DiskBBQ degrades in search latency, but is much more well-behaved than HNSW BBQ, which behaves exponentially as memory becomes increasingly restricted. But what does DiskBBQ look at in comparison as we add more memory?

Here’s those actual numbers laid out. And you can better see how DiskBBQ behaves in lower memory states. It definitely benefits from more RAM to better cache more clusters of vectors. Particularly, we rely heavily on off-heap cache, and as that increases, we see better performance until the whole of the quantized vectors are resident.

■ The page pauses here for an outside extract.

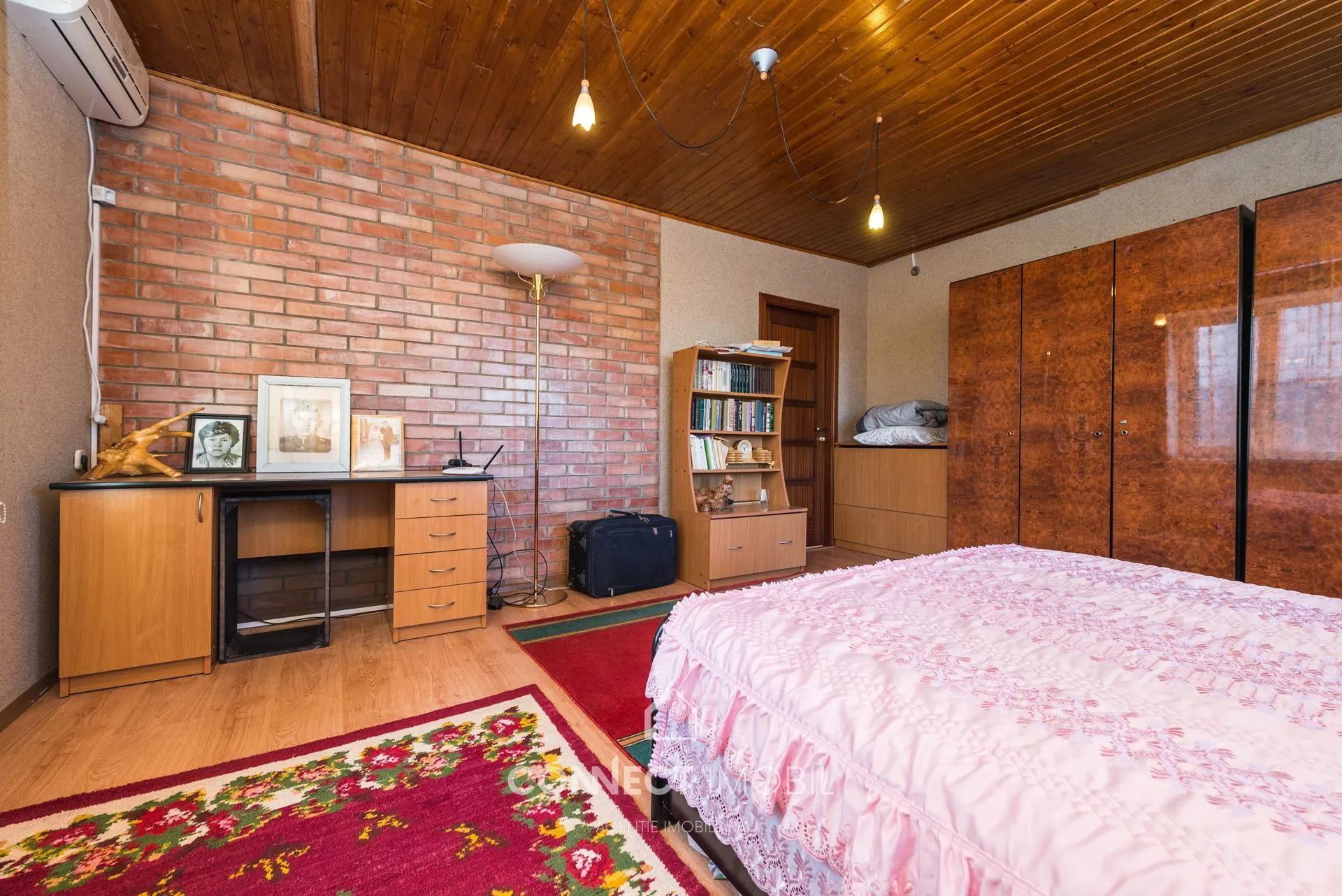 2-etaje casă, 230 m² — Imagine 4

Type	Ram / Heap	Latency (ms)
DiskBBQ	101m / 10m	15.83
DiskBBQ	150m / 100m	12.13
DiskBBQ	250m / 150m	7.46
DiskBBQ	350m / 250m	3.65
DiskBBQ	450m / 350m	2.38
DiskBBQ	550m / 450m	2.41
HNSW BBQ	101m / 10m	-
HNSW BBQ	150m / 100m	289.7
HNSW BBQ	250m / 150m	26.81
HNSW BBQ	350m / 250m	7.7
HNSW BBQ	450m / 350m	3.06
HNSW BBQ	550m / 450m	3.14

Here’s an additional run of 1m vectors only on DiskBBQ. Here, I did less to refine the exact ratios of RAM and Heap, and instead typically set one to half the other. We’ve also run it with up to 10g of RAM here. What’s interesting is to note the inflection point where the algorithm is no longer in a low memory configuration and no longer benefits from additional memory, in this case around 800m/400m.

RAM / Heap	Latency (ms)
101m / 10m	18
150m / 75m	12.13
200m / 100m	11.02
300m / 150m	4.26
400m / 200m	3.47
500m / 250m	3.5
800m / 400m	2.73
1.2g / 600m	2.76
1.5g / 750m	2.74
3g / 1.5g	2.83
5g / 2.5g	2.78
8g / 4g	2.73
10g / 5g	2.79

Indexing

Let’s also take a look at the indexing performance.

Figure 1: Shows index time in milliseconds vs RAM / JVM Heap

As overall memory reduces, DiskBBQ indexing degrades gracefully. HNSW BBQ, however, simply falls apart once memory gets very restricted. And downright fails in scenarios where DiskBBQ continues to operate. Again, let’s look at the numbers to get a better understanding of what’s happening.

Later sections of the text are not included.